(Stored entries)

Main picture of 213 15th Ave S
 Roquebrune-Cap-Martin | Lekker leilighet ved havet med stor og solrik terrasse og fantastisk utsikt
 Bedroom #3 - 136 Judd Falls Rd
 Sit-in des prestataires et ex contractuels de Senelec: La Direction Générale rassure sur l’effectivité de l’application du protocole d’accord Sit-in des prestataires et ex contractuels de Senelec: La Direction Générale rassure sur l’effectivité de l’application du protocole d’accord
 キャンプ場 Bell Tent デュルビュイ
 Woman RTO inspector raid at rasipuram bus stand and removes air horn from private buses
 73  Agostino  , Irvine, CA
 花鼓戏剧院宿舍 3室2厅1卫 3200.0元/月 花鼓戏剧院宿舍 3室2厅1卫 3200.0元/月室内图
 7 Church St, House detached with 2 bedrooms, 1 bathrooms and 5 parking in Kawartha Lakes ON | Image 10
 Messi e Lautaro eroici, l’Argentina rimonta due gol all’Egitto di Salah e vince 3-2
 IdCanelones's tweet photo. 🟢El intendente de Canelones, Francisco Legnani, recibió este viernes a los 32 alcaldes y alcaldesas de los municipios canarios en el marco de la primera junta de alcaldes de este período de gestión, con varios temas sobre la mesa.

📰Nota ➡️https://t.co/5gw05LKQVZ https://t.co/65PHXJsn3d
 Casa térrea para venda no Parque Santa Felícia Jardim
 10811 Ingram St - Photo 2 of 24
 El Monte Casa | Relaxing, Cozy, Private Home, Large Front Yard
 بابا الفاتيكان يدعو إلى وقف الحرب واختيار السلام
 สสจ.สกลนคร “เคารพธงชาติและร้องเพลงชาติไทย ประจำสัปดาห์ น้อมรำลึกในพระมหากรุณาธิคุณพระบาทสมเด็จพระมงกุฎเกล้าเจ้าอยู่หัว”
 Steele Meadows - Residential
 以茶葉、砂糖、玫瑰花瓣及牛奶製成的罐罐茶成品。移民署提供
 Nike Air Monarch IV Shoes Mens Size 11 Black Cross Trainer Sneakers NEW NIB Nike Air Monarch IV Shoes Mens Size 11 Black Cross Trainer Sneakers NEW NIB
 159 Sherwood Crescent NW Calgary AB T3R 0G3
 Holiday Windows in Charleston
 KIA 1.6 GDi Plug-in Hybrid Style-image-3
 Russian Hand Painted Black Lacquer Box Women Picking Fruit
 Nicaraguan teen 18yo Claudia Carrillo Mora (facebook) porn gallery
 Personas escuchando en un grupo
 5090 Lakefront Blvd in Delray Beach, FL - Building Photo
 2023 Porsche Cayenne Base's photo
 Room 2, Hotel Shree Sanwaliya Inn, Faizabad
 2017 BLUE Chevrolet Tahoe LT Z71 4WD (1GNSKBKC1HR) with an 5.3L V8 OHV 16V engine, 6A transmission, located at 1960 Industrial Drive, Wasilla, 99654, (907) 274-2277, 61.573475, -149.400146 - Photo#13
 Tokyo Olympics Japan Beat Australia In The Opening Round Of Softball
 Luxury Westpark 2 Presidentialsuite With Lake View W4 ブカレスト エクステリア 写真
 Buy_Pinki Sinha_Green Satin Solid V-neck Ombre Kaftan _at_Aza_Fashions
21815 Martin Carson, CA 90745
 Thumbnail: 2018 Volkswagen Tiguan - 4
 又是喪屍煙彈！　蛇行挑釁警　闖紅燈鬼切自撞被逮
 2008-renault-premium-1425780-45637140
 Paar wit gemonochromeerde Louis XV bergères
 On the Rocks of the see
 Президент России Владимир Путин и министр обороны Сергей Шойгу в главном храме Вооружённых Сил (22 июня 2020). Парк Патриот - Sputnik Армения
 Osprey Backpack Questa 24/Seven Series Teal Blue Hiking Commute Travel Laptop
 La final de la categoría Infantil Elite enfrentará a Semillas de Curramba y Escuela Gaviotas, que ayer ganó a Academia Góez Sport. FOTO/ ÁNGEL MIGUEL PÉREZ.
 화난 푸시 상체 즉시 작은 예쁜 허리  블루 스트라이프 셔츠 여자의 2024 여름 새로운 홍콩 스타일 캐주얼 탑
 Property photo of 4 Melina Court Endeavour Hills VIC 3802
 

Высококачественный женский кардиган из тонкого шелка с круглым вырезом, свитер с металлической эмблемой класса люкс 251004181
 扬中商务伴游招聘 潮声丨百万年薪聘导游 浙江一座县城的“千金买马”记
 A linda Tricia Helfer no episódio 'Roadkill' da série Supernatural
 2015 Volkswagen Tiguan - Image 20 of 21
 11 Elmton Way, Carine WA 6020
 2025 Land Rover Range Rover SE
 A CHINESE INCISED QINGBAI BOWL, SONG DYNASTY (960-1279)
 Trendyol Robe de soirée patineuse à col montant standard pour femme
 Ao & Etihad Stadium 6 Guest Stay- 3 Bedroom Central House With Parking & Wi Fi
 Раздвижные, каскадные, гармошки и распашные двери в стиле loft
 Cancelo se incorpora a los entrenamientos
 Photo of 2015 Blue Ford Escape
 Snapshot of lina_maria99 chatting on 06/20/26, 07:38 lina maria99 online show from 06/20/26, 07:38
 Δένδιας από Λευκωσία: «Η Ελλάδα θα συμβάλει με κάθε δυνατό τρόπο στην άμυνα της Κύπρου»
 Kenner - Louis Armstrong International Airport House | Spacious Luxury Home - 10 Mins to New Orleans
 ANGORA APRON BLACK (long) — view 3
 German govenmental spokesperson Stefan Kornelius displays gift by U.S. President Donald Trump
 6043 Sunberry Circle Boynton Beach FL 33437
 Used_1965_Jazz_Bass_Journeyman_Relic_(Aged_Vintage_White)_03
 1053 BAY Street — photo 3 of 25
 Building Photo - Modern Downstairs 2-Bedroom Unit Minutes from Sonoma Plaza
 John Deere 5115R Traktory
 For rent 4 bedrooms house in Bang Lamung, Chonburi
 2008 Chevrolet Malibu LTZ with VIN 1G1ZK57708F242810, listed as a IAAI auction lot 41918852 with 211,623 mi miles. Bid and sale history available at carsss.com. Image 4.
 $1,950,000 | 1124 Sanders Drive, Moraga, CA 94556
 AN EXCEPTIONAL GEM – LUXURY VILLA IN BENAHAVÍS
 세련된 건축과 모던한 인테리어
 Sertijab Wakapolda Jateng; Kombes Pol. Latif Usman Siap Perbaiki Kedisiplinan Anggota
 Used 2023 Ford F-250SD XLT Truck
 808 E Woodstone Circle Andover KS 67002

* Your goal *
Return exactly, and only, the lines above starting at the line that contains "Osprey Backpack Questa" and ending at the line that contains "화난 푸시 상체 즉시".

* Result of the task *
 Osprey Backpack Questa 24/Seven Series Teal Blue Hiking Commute Travel Laptop
 La final de la categoría Infantil Elite enfrentará a Semillas de Curramba y Escuela Gaviotas, que ayer ganó a Academia Góez Sport. FOTO/ ÁNGEL MIGUEL PÉREZ.
 화난 푸시 상체 즉시 작은 예쁜 허리  블루 스트라이프 셔츠 여자의 2024 여름 새로운 홍콩 스타일 캐주얼 탑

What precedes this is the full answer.